Ainsi lorsque le 11 décembre 1989, le peuple de Cotonou qui n’avait pas connu de grandes manifestations jusqu’alors, déferla dans les rues, KEREKOU se trouvait complètement désarmé et sa fuite devant les masses le soir du 11 décembre indiquait la chute de l’autocratie.
Toutes les libertés individuelles et collectives confisquées en 1974-1975, d’expression, de presse, de manifestation, d’association, de grève étaient conquises par le peuple contre l’autocratie et dans la rue. Une amnistie générale a été décrétée pour la libération de tous les détenus et le retour des exilés.
Le problème qui était dès lors posé est celui de quel régime politique et quel pouvoir allaient remplacer l’autocratie faillie et vaincue. Deux solutions étaient en opposition : soit le maintien du régime du pacte colonial auquel KEREKOU a refait ouvertement allégeance à partir de 1985, avec quelques concessions de libertés compatibles avec ce régime ; soit un pouvoir des travailleurs et des peuples avec un régime de garantie des libertés complètes, de probité et de patriotisme pour le redressement et le développement du pays.

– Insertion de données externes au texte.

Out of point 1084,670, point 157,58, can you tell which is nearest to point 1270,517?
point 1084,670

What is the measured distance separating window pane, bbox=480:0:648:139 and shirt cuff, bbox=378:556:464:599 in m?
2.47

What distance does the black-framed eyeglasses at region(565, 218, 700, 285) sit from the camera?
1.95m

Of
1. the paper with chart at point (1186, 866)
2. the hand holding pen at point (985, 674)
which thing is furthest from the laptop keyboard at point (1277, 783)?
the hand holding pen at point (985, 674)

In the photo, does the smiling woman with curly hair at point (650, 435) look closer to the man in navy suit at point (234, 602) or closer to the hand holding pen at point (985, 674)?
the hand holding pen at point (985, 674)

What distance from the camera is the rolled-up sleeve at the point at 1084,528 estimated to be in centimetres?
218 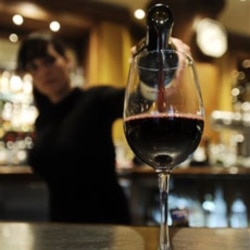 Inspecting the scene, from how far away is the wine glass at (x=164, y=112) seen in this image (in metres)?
0.58

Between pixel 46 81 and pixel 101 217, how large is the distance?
49 centimetres

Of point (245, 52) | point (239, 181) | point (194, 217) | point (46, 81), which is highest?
point (245, 52)

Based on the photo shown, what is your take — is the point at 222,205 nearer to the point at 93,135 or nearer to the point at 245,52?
the point at 93,135

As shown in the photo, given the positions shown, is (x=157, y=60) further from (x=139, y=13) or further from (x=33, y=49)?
(x=139, y=13)

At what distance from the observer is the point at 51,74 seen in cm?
162

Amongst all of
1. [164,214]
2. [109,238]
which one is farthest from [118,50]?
[164,214]

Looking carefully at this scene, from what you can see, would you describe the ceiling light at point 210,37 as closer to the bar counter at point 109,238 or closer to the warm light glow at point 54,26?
the warm light glow at point 54,26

Cette dernière solution soutenue par le Parti Communiste était celle des travailleurs et de la jeunesse en lutte qui, avec leurs Comités d’Action, exigeaient ouvertement le jugement et le châtiment des tortionnaires, le jugement des pilleurs de l’économie nationale et de leur faire rendre gorge, la garantie des libertés au peuple par le jugement des violateurs de ces libertés ; pour la garantie de la probité et du patriotisme dans la gestion, le contrôle de la gestion du bien public avec l’élection et la révocabilité des responsables chargés de sa gestion. Ces exigences avaient commencé à être mises en œuvre par des Comités d’Action à la campagne par la destitution de maires corrompus et au Ministère des finances pour le contrôle plus strict des ressources publiques.
C’est pour contrer ce mouvement émancipateur et pour résoudre la question du pouvoir en faveur du régime de continuité du pacte colonial que fut convoquée la Conférence à fin de sauver l’autocrate KEREKOU et poursuivre la politique de pillage du pays.

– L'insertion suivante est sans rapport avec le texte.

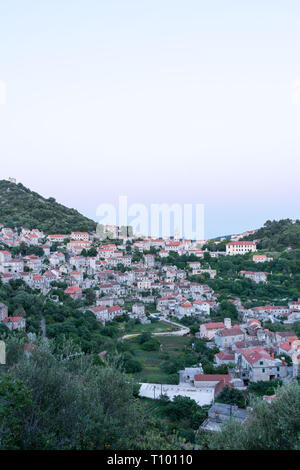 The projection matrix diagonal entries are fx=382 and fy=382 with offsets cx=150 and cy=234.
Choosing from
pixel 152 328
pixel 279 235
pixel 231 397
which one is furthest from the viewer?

II- La convocation, la tenue ainsi que les résultats de la Conférence nationale n’ont pas dessouché les racines de l’autocratie

La convocation de la Conférence nationale a été précédée de la mobilisation par l’impérialisme français de tous ceux qui avaient dirigé et ruiné le pays depuis 1960 ainsi que de tous ses agents à travers les cercles et groupes rétrogrades sous son contrôle. Et pour bien montrer qu’elle était à la manœuvre, la France par l’intermédiaire de son ambassadeur à Cotonou Guy AZAÏS a pris les choses en main, directement et ouvertement, en envoyant des instructions à l’autocrate qu’il transmettra à Pierre OSHO son directeur de cabinet. Ces instructions contenues dans la note remise au chef de l’Etat le 6 décembre 1989 par son Directeur de cabinet sont les suivantes :
« 1- La Partie française souhaite que les décisions qui vont sanctionner la session conjointe mentionne clairement qu’il sera procédé à une révision de la Loi Fondamentale.
2- Il conviendrait que le chef de l’Etat, dans son discours, ou le communiqué de Session, annonce la tenue d’une Convention Nationale ou d’Etas Généraux, ou d’Assises Nationales… Peu importe la dénomination d’une telle structure, c’est à vous-même d’en décider… Mais il serait bon, si possible d’en indiquer ne serait-ce que sommairement les participants… Je pense par exemple à des professeurs de Droit dont le concours est toujours très utile en matière constitutionnelle, ainsi qu’aux représentants des Eglises, des Syndicats, etc.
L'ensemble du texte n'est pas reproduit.